At the end of 2016, Hawaii’s last sugar cane plantation closed on Maui, marking the end of an era.
The closing had far-reaching impacts across Hawaii, evoking all kinds of emotions from people whose lives it shaped. I read reflections about its rise and fall, recounting landmarks like the 1875 treaty that gave Hawaii duty-free access to the U.S. market in exchange for Pearl Harbor, or sugar cane's role in ancient Hawaii, before its commercialization. Most people forget that it was one of the original canoe plants brought here by the Polynesians some two thousand years ago.
Though one era of sugar cane has ended, rest assured a new era has started off in earnest. Other uses for the cane itself have sprung up. Manulele Distillers, for example, turns native strains of sugar cane into single-varietal rum, made without the use of molasses. The old sugar cane railway on Oahu’s west side has become a historic, scenic railroad tour.
Perhaps the most creative uses of the old sugar cane infrastructure can be found on Kauai and the Big Island.
The industry might be gone, but it left behind a myriad of tunnels and irrigation canals, built over the last century and a half to bring water from the high mountains to the fields along the coast (sugar cane is a very thirsty crop that requires a lot of water). When sugar cane companies closed down in Hawaii, they abandoned these canal systems. Here in the last few years, adventure companies have begun floating the old irrigation ditches, offering guests guided kayak or tube tours that provide both adventure and education.
Flumin’ Kohala on the north shore of the Big Island takes visitors on a four-man kayak through the extensive, 14.5-mile irrigation network of the Kohala Ditch that was built by Japanese workers more than 110 years ago.
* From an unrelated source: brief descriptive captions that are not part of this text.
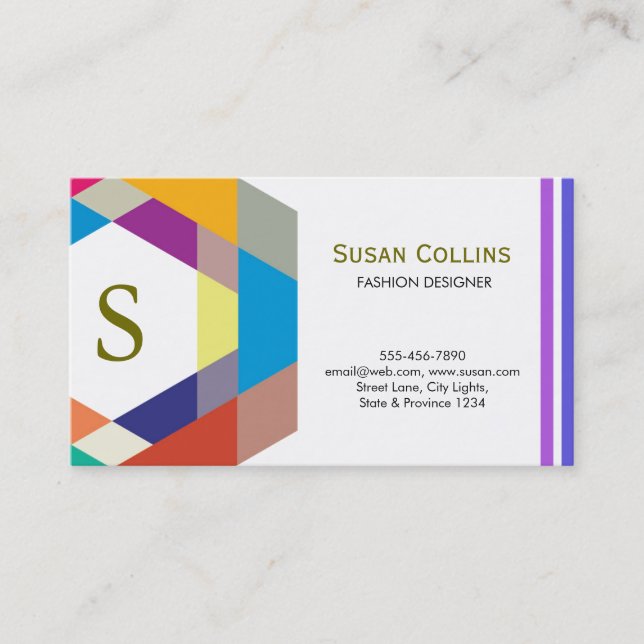 Carte De Visite Professionnel Moderne Simple Logo simple Monogramm (Devant)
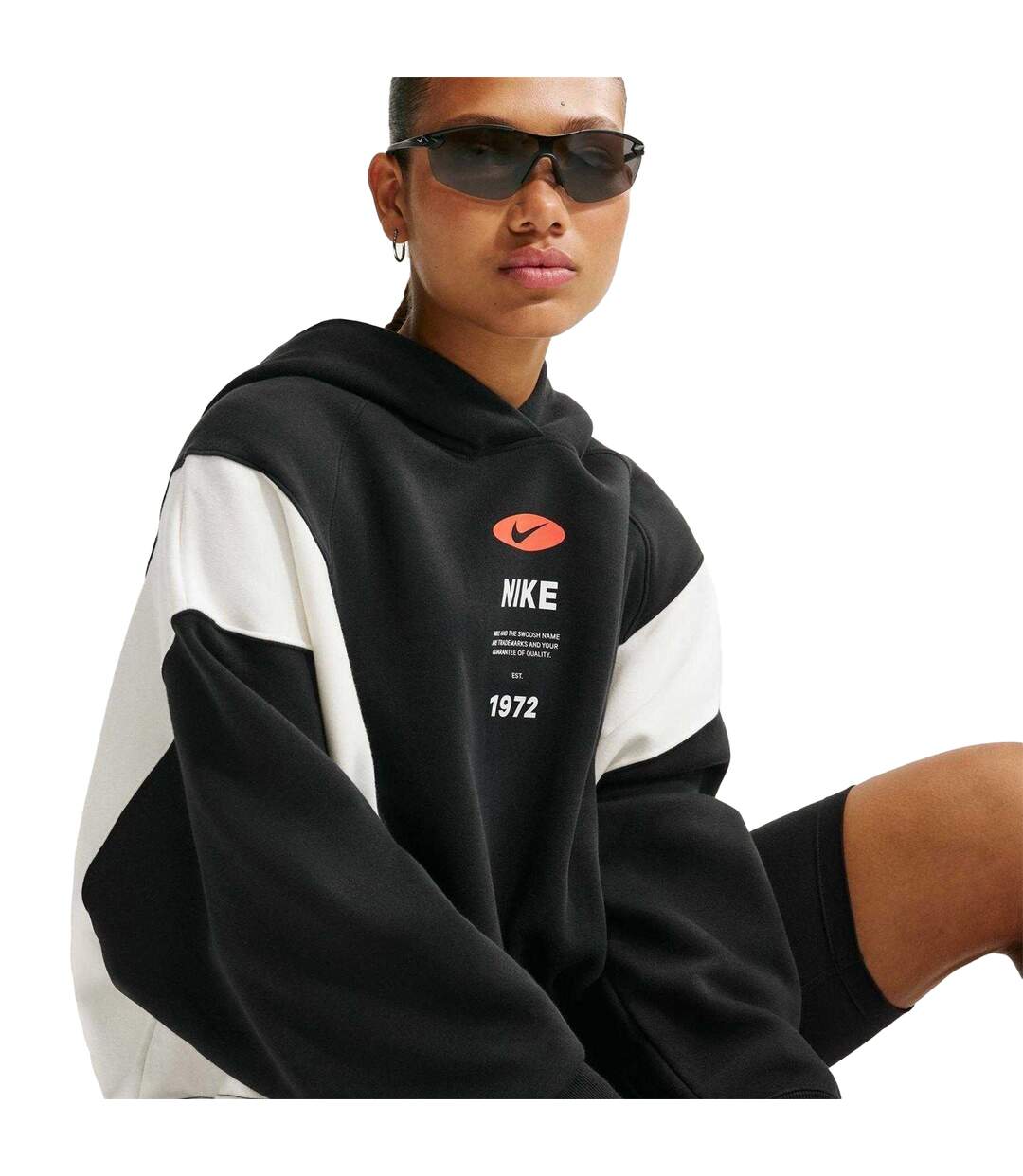 Womens/ladies Nsw Phoenix Fleece Hoodie Black Sail Nike-4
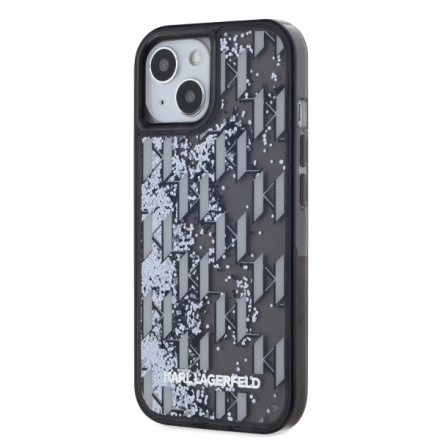 Karl Lagerfeld Liquid Glitter Monogram Gradient Zadní Kryt pro iPhone 14 Black, KLHCP14SLKLGKCCK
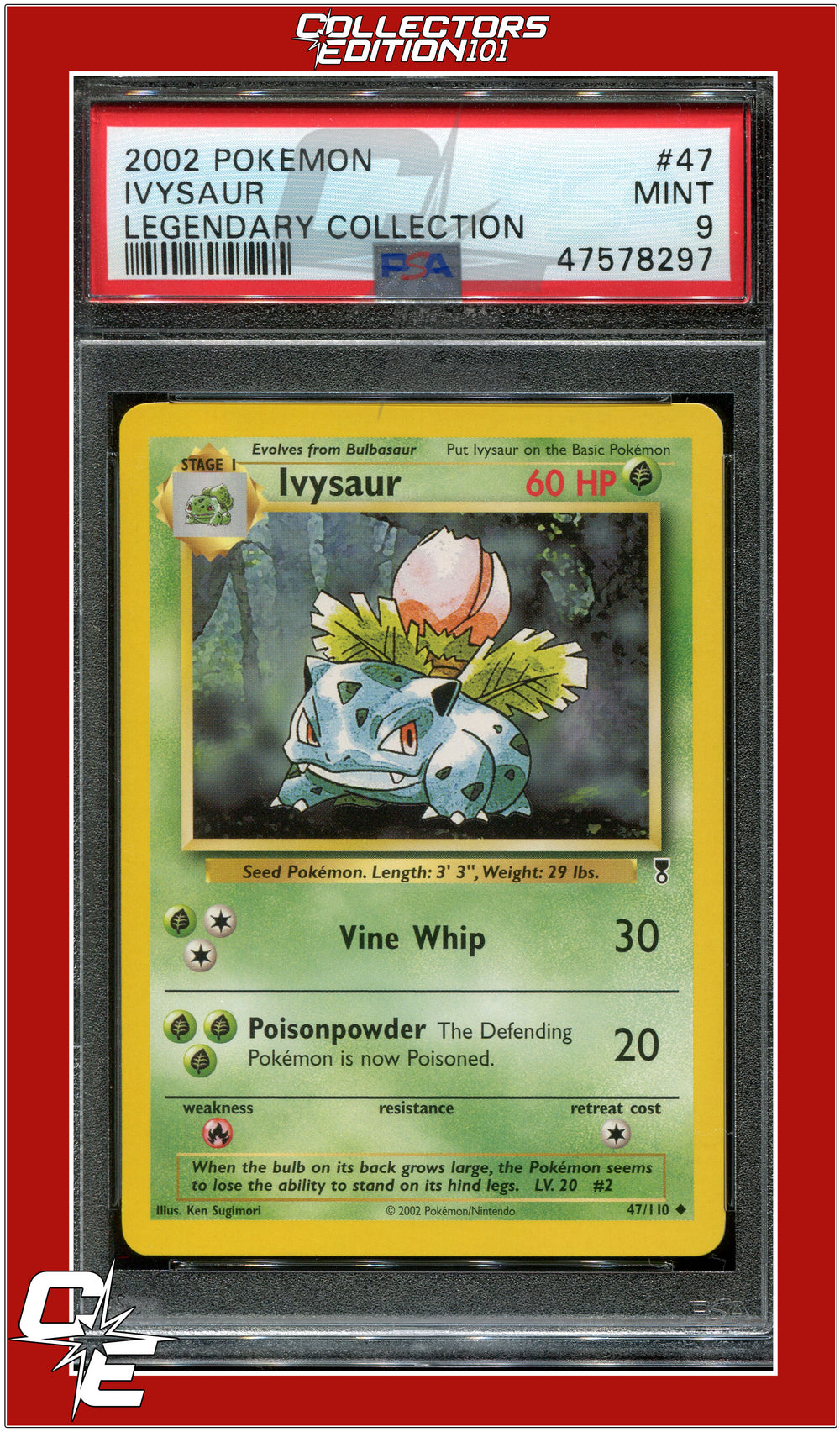 Legendary Collection 47 Ivysaur PSA 9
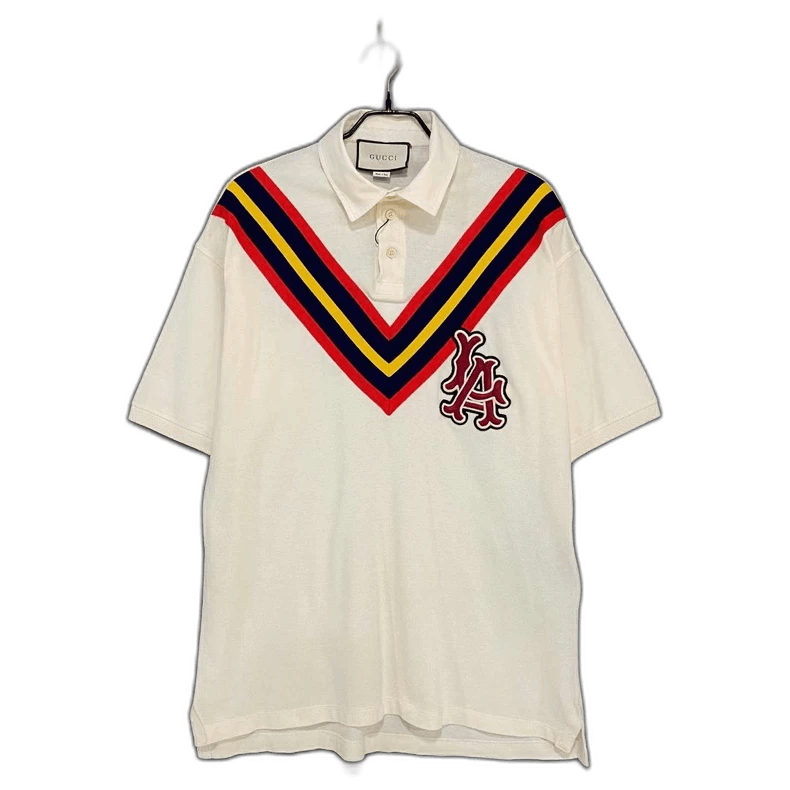 Gucci MLB Striped Short Sleeve Polo Shirt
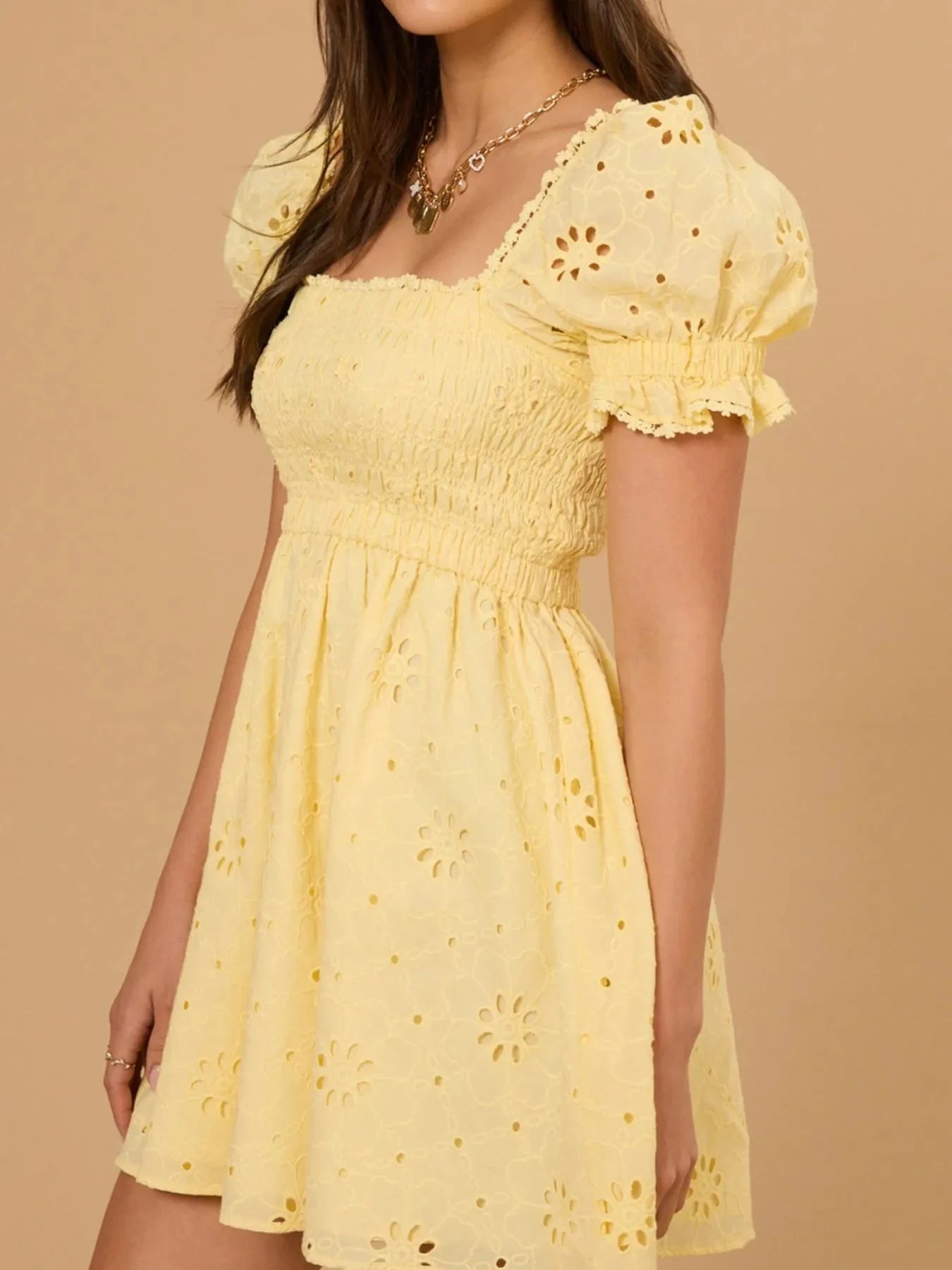Eyelet Puff Sleeve Smocked Mini Dress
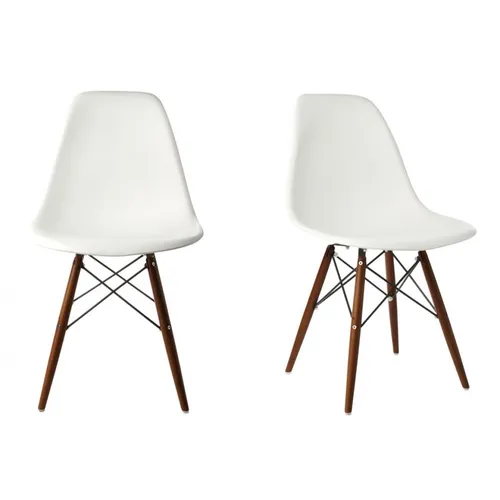 Set of 2 - Mid Century White Dining Chairs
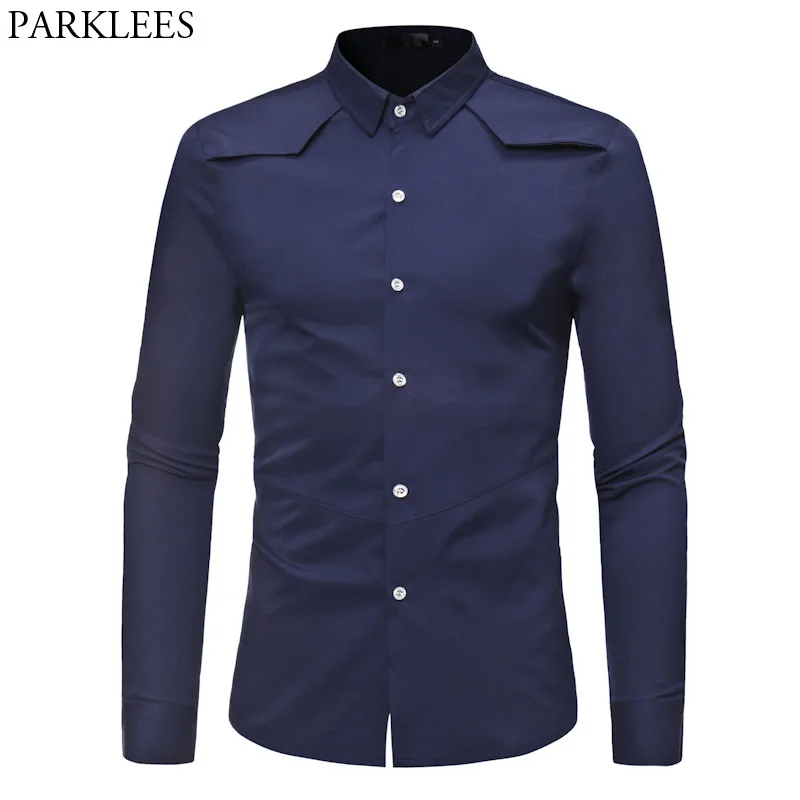 Men's Navy Blue Long Sleeve Shirt 2018 Fashion Unique Shoulder Design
The Ditch features 45 tunnels and 20 flumes in total, and the tour takes you through a portion of them over the course of the two-hour adventure into the remote backcountry of the Kohala volcano.
Kauai Backcountry Adventures’ Tubing Tour on Kauai is a similar story, although instead of kayaks, visitors use tubes to explore the tunnels of the Lihue Plantation, built back in 1870. The waters on which you ride come from the top of Mount Waialeale, one of the wettest spots in the world.
Because of the combination of historical significance and modern-day exploration, these canal tours have caught steam in recent years, revived by the publicity and examination that the end of the sugar cane era brought.